- **SUPPLIED RECORDS**
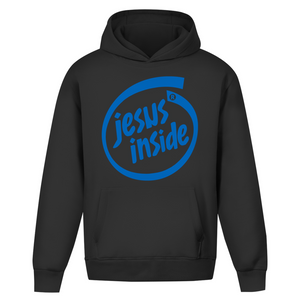 Oversize Hoodie Ohne Kordel jesus inside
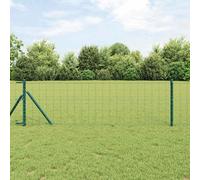 vidaXL Euro Fence Green 0.6 x 25 m PVC-coated iron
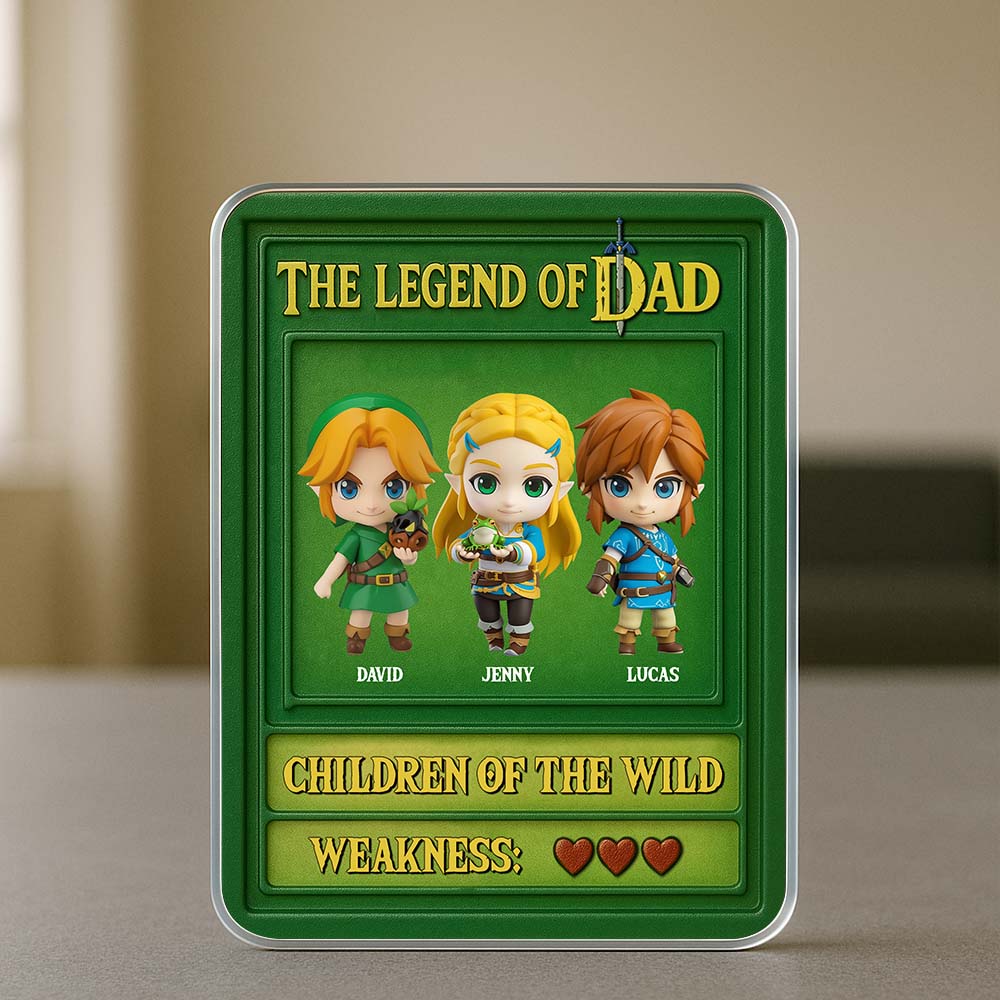 Gaming Legend Plaque Personalized Gifts For Dad 01Natn100525 - Image 3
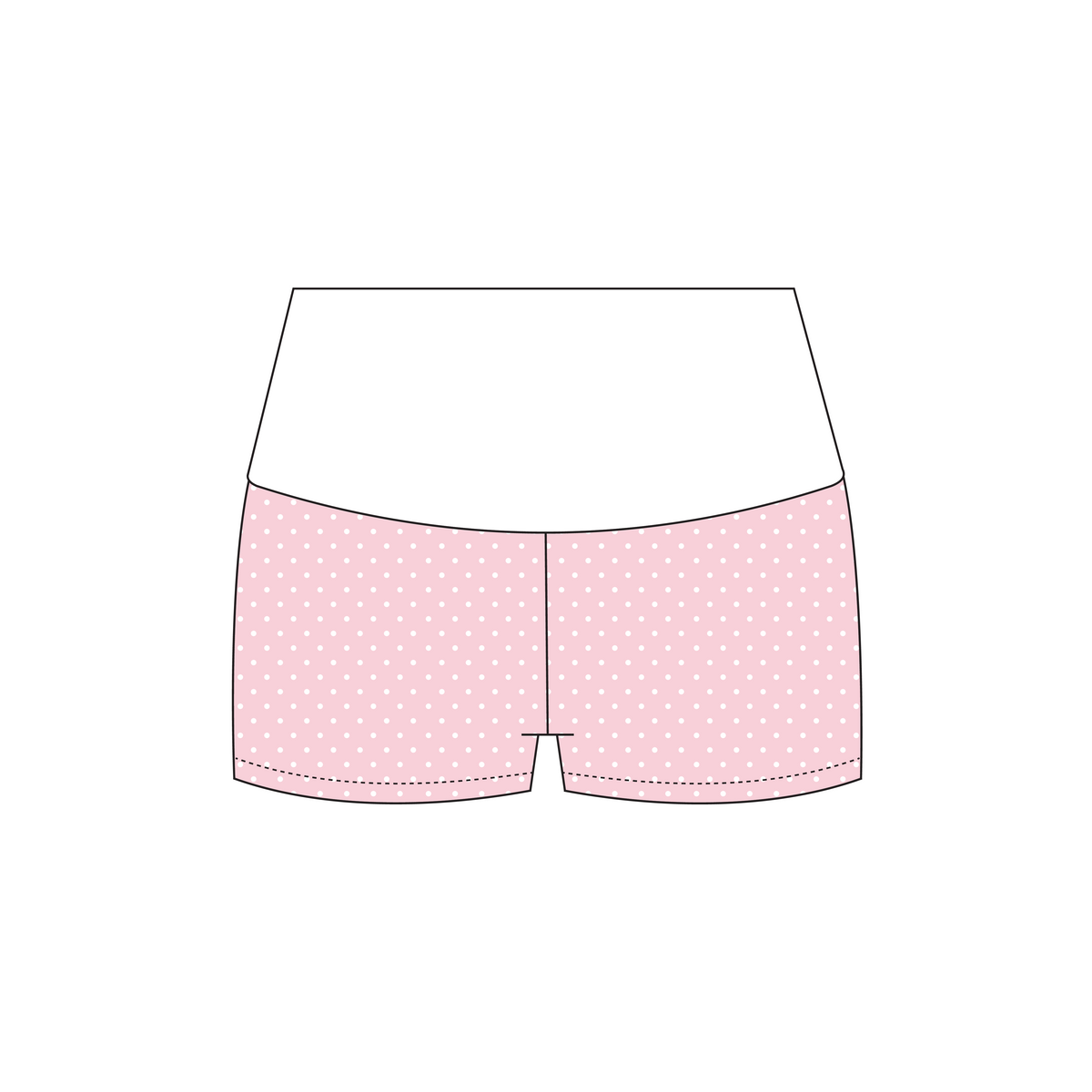 Penn State University x Alpha Xi Delta 'Fall merch' Haven Foldover Shorts
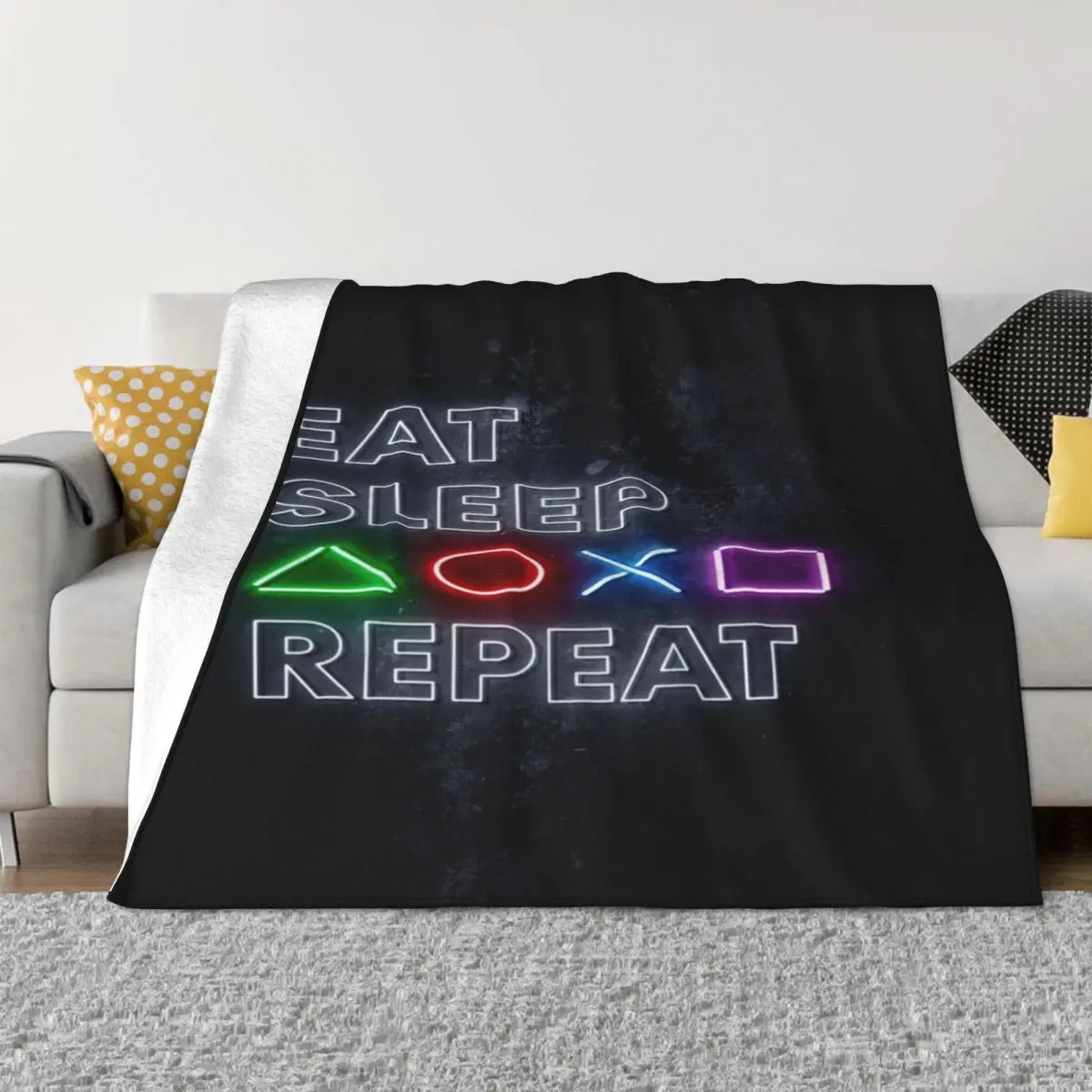 

Eat Sleep PS4 Repeat 979 плюшевые одеяла для кровати и пледы
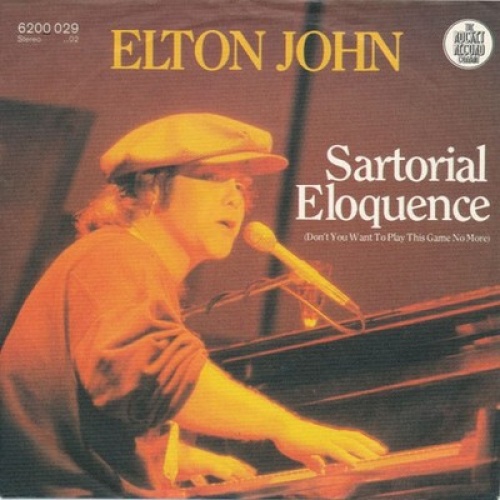 7", Single Elton John - Sartorial Eloquence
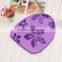2015 New design 3D chenile bath mat 3 sets/printed mat 3sets/memory foam bath mat 3sets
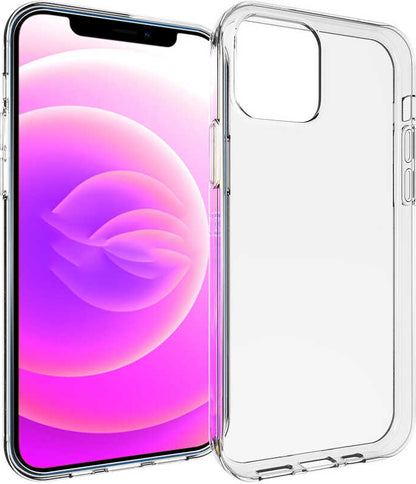 iPhone 14 Kılıf Mnc Süper Silikon Kapak-Renksiz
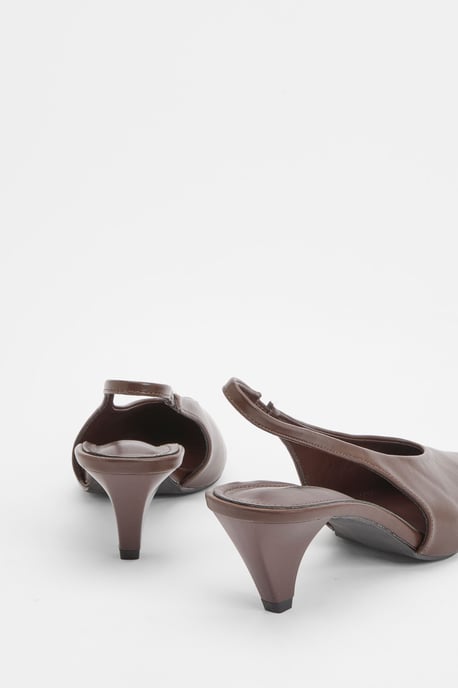 Low Heel Slingback Court Shoes - Image 4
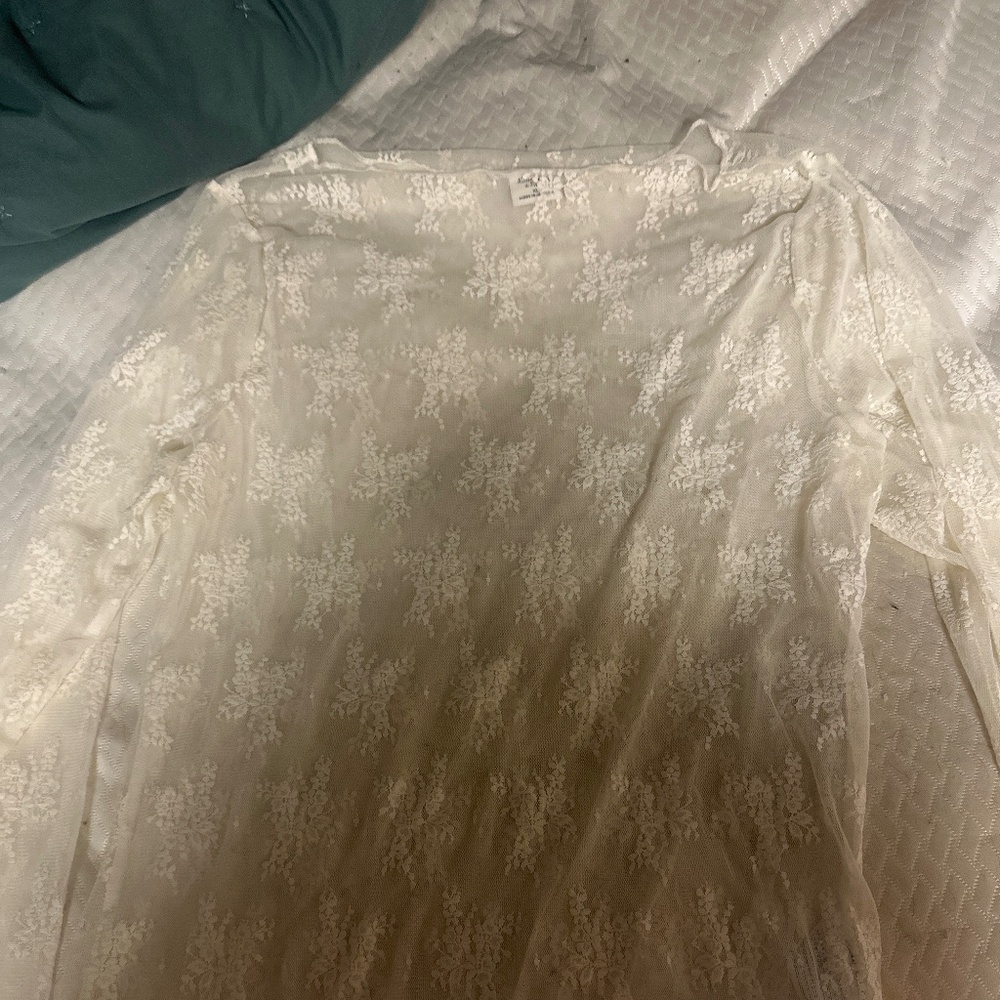 Abercrombie And Fitch White Lace Top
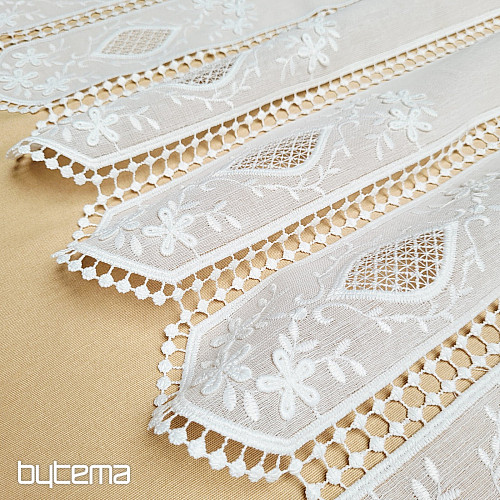 Luksuzna vezena vitraž zavjesa IVORY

- **WHAT THE TASK ASKS**
Repeat the records in full, exactly as they appear, without the pictures.

- **SOLVED EXERCISE**
 Oversize Hoodie Ohne Kordel jesus inside
 vidaXL Euro Fence Green 0.6 x 25 m PVC-coated iron
 Gaming Legend Plaque Personalized Gifts For Dad 01Natn100525 - Image 3
 Penn State University x Alpha Xi Delta 'Fall merch' Haven Foldover Shorts

Eat Sleep PS4 Repeat 979 плюшевые одеяла для кровати и пледы
 7", Single Elton John - Sartorial Eloquence
2015 New design 3D chenile bath mat 3 sets/printed mat 3sets/memory foam bath mat 3sets
 iPhone 14 Kılıf Mnc Süper Silikon Kapak-Renksiz
 Low Heel Slingback Court Shoes - Image 4
 Abercrombie And Fitch White Lace Top
 Luksuzna vezena vitraž zavjesa IVORY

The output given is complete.